# Splitting a Validation Set

In PyTorch splitting the data is accomplished by data sampler classes in `data.sampler` form the `torch.utils` package. While in PyTorch we must split the data manually, this is not much harder than what we're used to in sckit-learn.


To demonstrate we'll be using the `CIFAR10` dataset and the `SubsetRandomSampler` random sub-sampler class. More information about data samplers can be found [here](https://pytorch.org/docs/stable/data.html#data-loading-order-and-sampler).

In [None]:
%matplotlib inline
%config InlineBackend.figure_format = 'retina'

import torch
import torchvision
from torchvision import datasets
import torchvision.transforms as transforms

from torch.utils.data.sampler import SubsetRandomSampler
import numpy as np

import matplotlib.pyplot as plt

As usual we're going to use `torchvision.datasets` to extract and transform our data as follows:

In [None]:
# convert data to a normalized torch.FloatTensor
transform = transforms.Compose([transforms.ToTensor(),
                                transforms.Normalize((0.5, 0.5, 0.5), (0.5, 0.5, 0.5)),
                              ])

# choose the training and test datasets
train_set = datasets.CIFAR10('datasets', train=True,
                              download=True, transform=transform)

test_set = datasets.CIFAR10('datasets', train=False,
                             download=True, transform=transform)

To split the training data in actual training set and validation set we're going to define a split boundary based on a validation data percentage, as one might expect. We'll then use this boundary to define the two ranges of indexes for training and validation. Finally, we'll use the two ranges to define the appropriate loader objects by using the `SubsetRandomSampler` class.

**Note** The data loader `shuffle=True` constructor argument is mutually exclusive with the usage of a sampler. So we can use either one, but not both at the same time.

In [None]:
# number of subprocesses to use for data loading
num_workers = 0

# how many samples per batch to load
batch_size = 16

# percentage of training set to use as validation
valid_size = 0.2

# obtain training indices that will be used for validation
num_train = len(train_set)
indices = list(range(num_train))

# suffle indices
np.random.shuffle(indices)

# compute the size of the split in number of images
split = int(np.floor(valid_size * num_train))


# get indexes for the split
train_idx, valid_idx = indices[split:], indices[:split]

# define samplers for obtaining training and validation batches
train_sampler = SubsetRandomSampler(train_idx)
valid_sampler = SubsetRandomSampler(valid_idx)

# prepare data loaders (combine dataset and sampler)
train_loader = torch.utils.data.DataLoader(train_set, batch_size=batch_size,
    sampler=train_sampler, num_workers=num_workers)

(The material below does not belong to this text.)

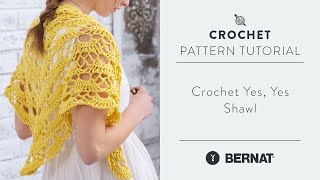 Crochet Yes Yes Shawl [upl. by Eimorej145]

valid_loader = torch.utils.data.DataLoader(train_set, batch_size=batch_size, 
    sampler=valid_sampler, num_workers=num_workers)

test_loader = torch.utils.data.DataLoader(test_set, batch_size=batch_size, 
    num_workers=num_workers)

As expected, now we can get batches of data from the loaders in the usual manner:

In [None]:
# batch from the train_loader
batch = next(iter(train_loader))
images, labels = batch

images = images / 2 + 0.5  # unnormalize
grid = torchvision.utils.make_grid(images, nrow=int(batch_size/2))

plt.figure(figsize=(15,15))
plt.imshow(grid.permute(1,2,0))

In [None]:
# batch from the train_loader
batch = next(iter(valid_loader))
images, labels = batch

images = images / 2 + 0.5  # unnormalize
grid = torchvision.utils.make_grid(images, nrow=int(batch_size/2))

plt.figure(figsize=(15,15))
plt.imshow(grid.permute(1,2,0))

In [None]:
# batch from the train_loader
batch = next(iter(test_loader))
images, labels = batch

images = images / 2 + 0.5  # unnormalize
grid = torchvision.utils.make_grid(images, nrow=int(batch_size/2))

plt.figure(figsize=(15,15))
plt.imshow(grid.permute(1,2,0))